------ DATA EXCERPTS

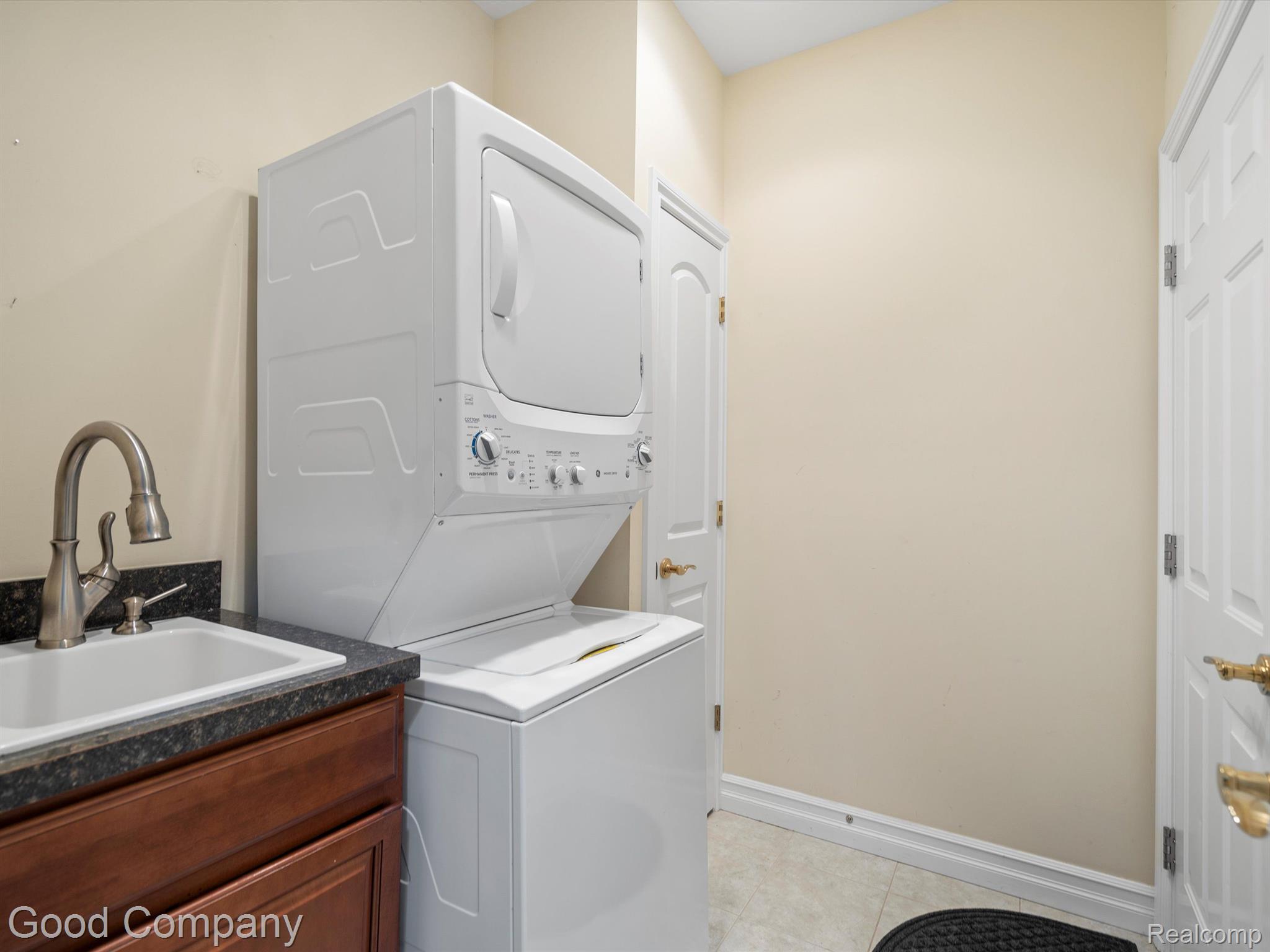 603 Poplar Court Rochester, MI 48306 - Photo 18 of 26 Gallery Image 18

------------
------ DATA EXCERPTS

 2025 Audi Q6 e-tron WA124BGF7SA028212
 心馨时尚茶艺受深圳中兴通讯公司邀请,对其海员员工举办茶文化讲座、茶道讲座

------------

**TASK DETAILS:**
Set down only the lines above that fall between the line holding "2025 Audi Q6 e-tron WA124BGF7SA028212" and the line holding "心馨时尚茶艺受深圳中兴通讯公司邀请,对其海员员工举办茶文化讲座、茶道讲座", inclusive, keeping each exact.

**WRITTEN ANSWER:**
 2025 Audi Q6 e-tron WA124BGF7SA028212
 心馨时尚茶艺受深圳中兴通讯公司邀请,对其海员员工举办茶文化讲座、茶道讲座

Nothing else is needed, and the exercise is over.